▸ REQUIRED WORK: Without the pictures, print the lines from the one holding "Tazza di caffè" through the last line below, both included, exactly as they stand.

(Dataset excerpts)
[Start of Attachment]

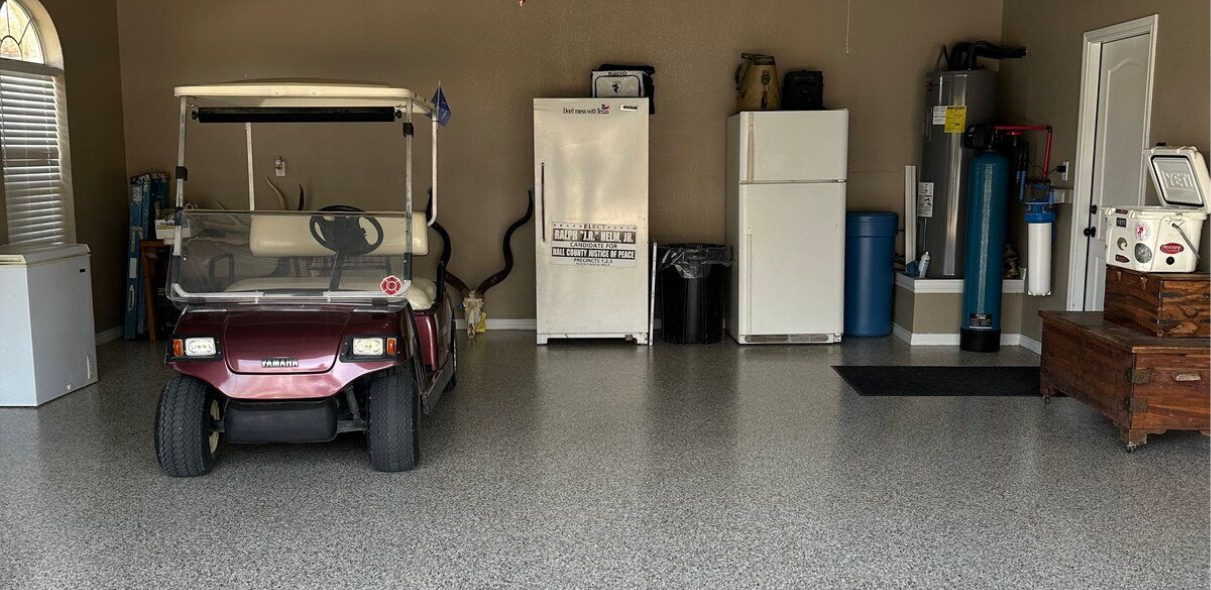 A garage with a golf cart, two refrigerators, and storage, with a speckled floor.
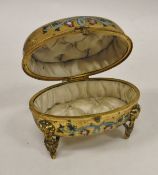 A 19th Century gilt brass and enamelled casket of oval form depicting flowers and raised on ram's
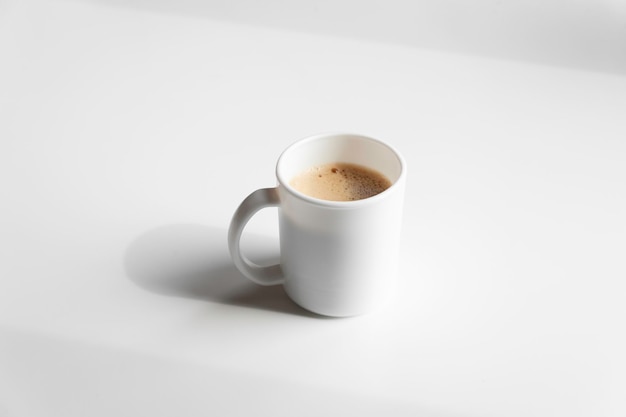 Tazza di caffè espresso crema fresco con bolla e schiuma su sfondo o tavolo vuoto bianco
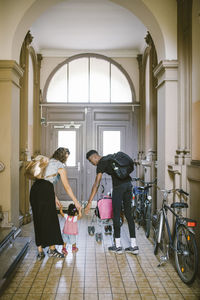 Full length of mother and father assisting daughter in walking at corridor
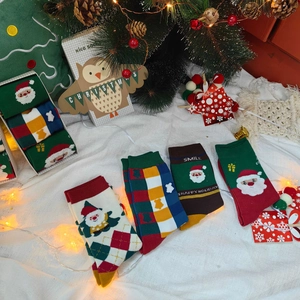 Détail de quatre paires de chaussettes de Noël en coton dans un coffret cadeau festif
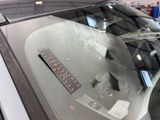 a sticker on the windshield of a car with a ruler on it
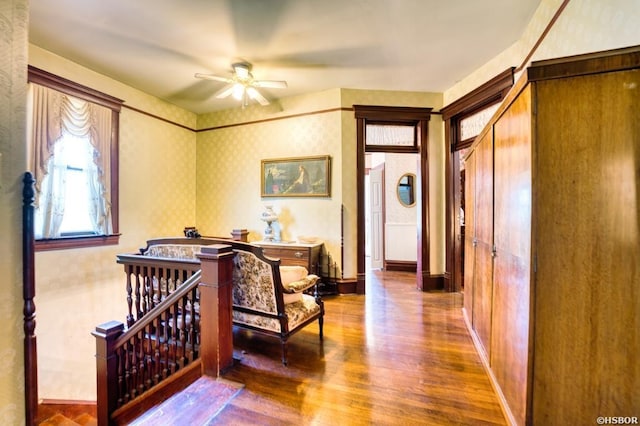 interior space with a barn door, wood finished floors, and wallpapered walls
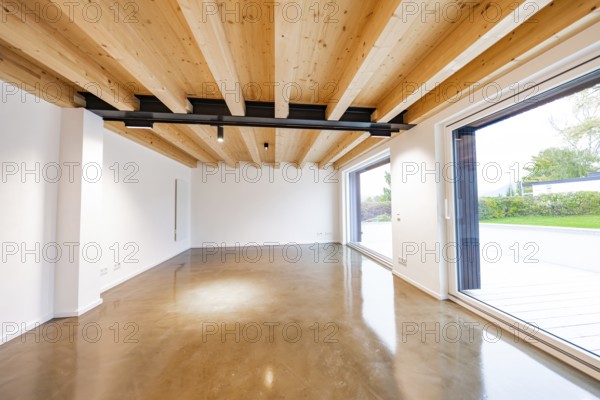 Large, modern room with wooden ceiling, black steel girders and polished concrete floor, open to the garden, house renovation, air-conditioning renovation, Metzingen, Germany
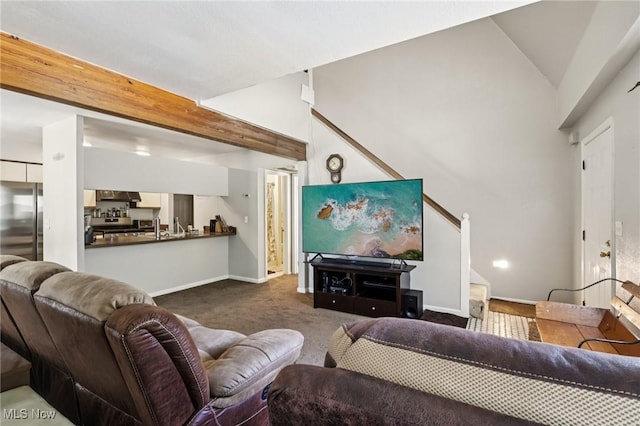 8080 Harbor Crk Unit 503, Mentor On The Lake, OH 44060 - living room featuring dark colored carpet, stairs, and lofted ceiling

[End of Attachment]

▸ SOLVED PROBLEM:
 Tazza di caffè espresso crema fresco con bolla e schiuma su sfondo o tavolo vuoto bianco
 Full length of mother and father assisting daughter in walking at corridor
 Détail de quatre paires de chaussettes de Noël en coton dans un coffret cadeau festif
 a sticker on the windshield of a car with a ruler on it
 interior space with a barn door, wood finished floors, and wallpapered walls
 Large, modern room with wooden ceiling, black steel girders and polished concrete floor, open to the garden, house renovation, air-conditioning renovation, Metzingen, Germany
 8080 Harbor Crk Unit 503, Mentor On The Lake, OH 44060 - living room featuring dark colored carpet, stairs, and lofted ceiling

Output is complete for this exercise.